About this exercise: An exact copy of the lines of the listing below between the "Ban Chấp hành" line and the "Angeln Boot Silhouette" line, both included, is the whole answer; please omit the pictures.

Dataset extract:

╭──

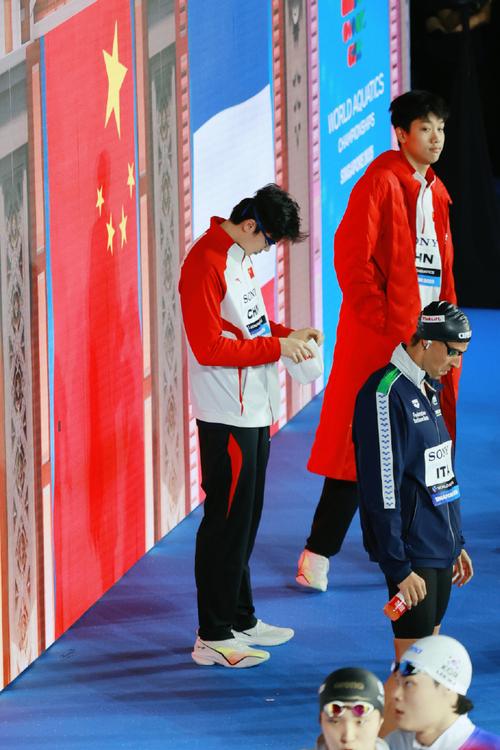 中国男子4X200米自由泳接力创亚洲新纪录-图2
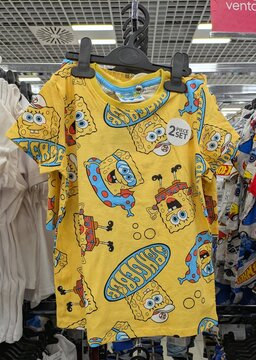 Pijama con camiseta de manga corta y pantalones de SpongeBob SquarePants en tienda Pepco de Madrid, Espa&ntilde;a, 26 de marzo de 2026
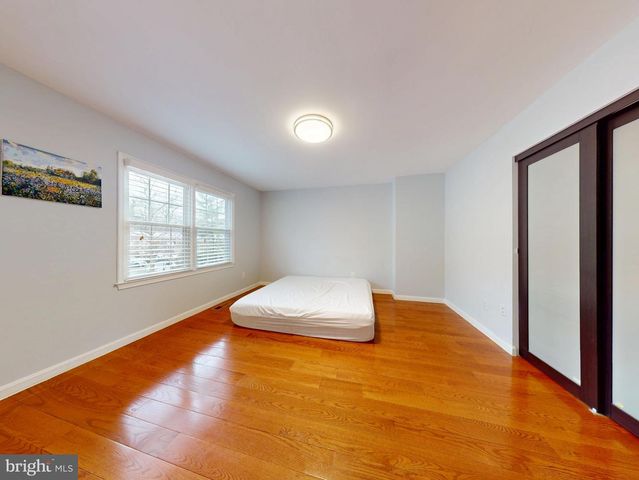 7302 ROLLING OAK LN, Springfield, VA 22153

╰──
╭──

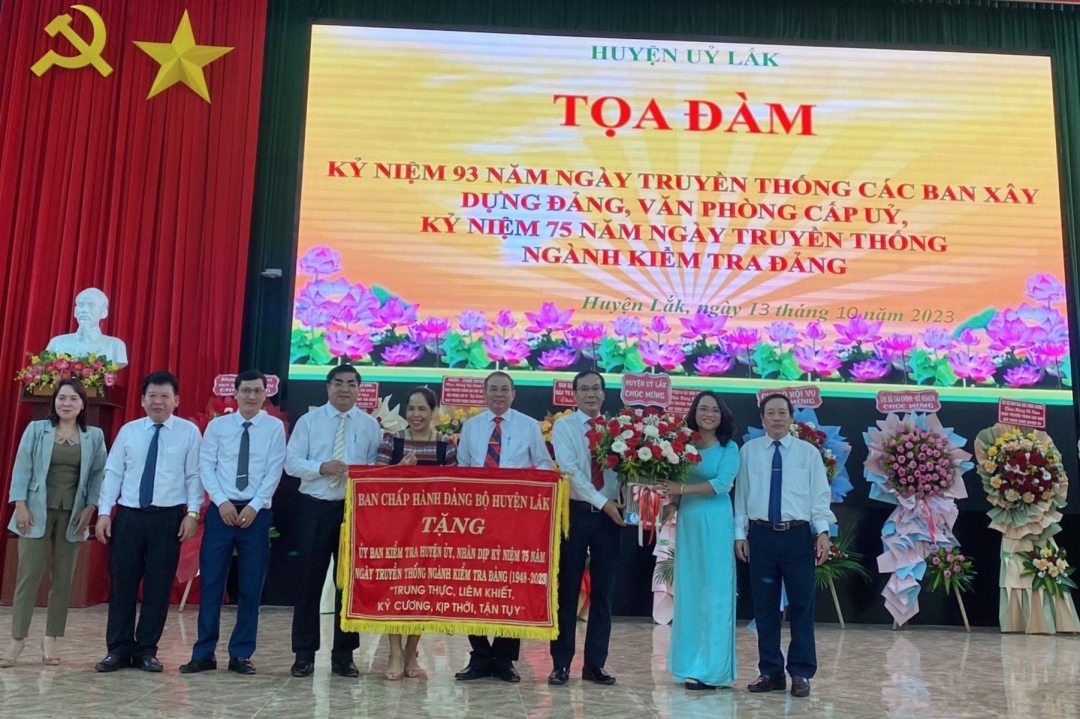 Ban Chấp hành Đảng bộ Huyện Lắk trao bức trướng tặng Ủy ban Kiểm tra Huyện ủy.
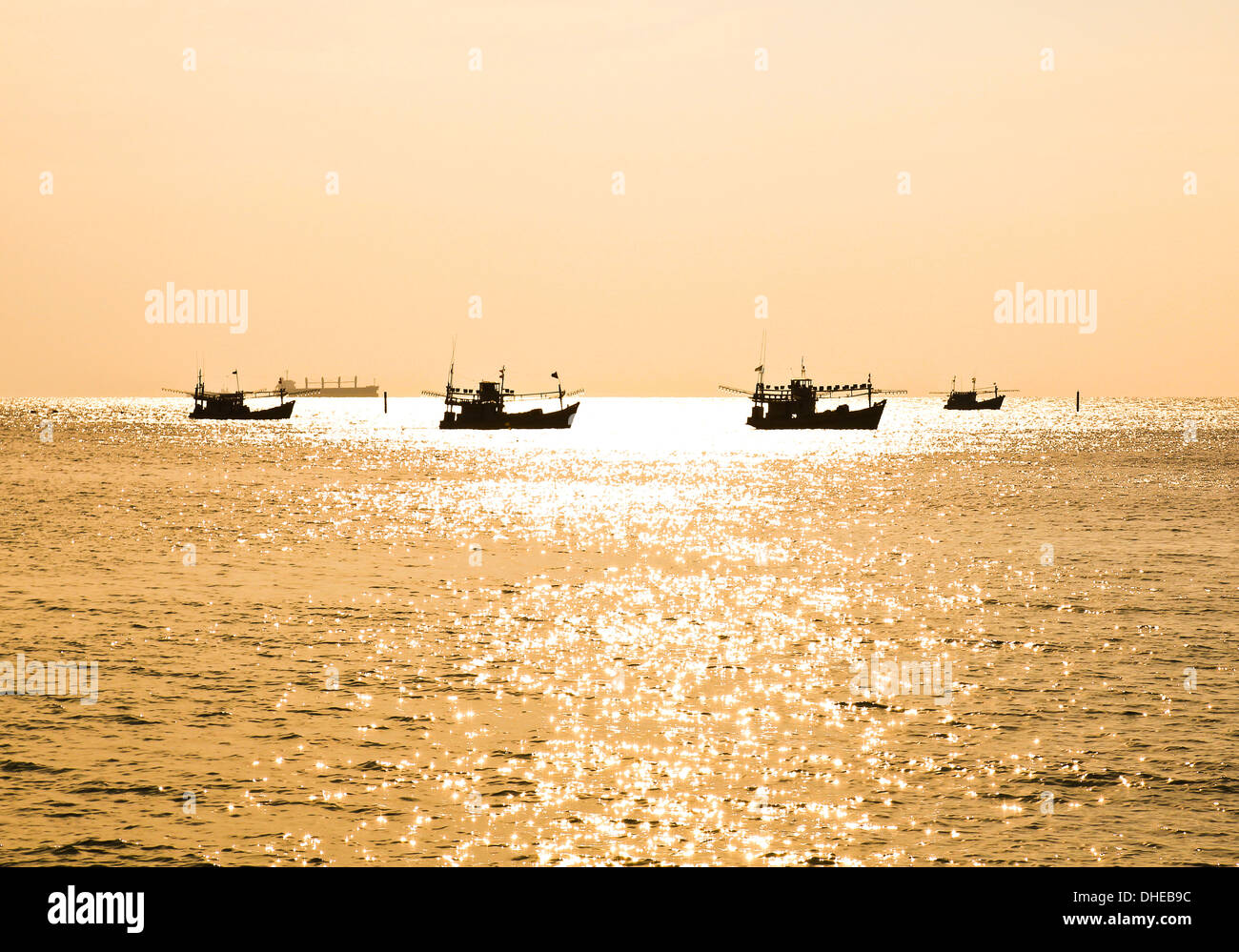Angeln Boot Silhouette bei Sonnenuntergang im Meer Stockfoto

╰──
╭──

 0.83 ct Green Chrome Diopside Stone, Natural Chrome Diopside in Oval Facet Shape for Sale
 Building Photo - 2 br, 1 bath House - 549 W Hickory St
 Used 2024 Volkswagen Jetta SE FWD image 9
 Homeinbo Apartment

╰──

Problem solution:
 Ban Chấp hành Đảng bộ Huyện Lắk trao bức trướng tặng Ủy ban Kiểm tra Huyện ủy.
Angeln Boot Silhouette bei Sonnenuntergang im Meer Stockfoto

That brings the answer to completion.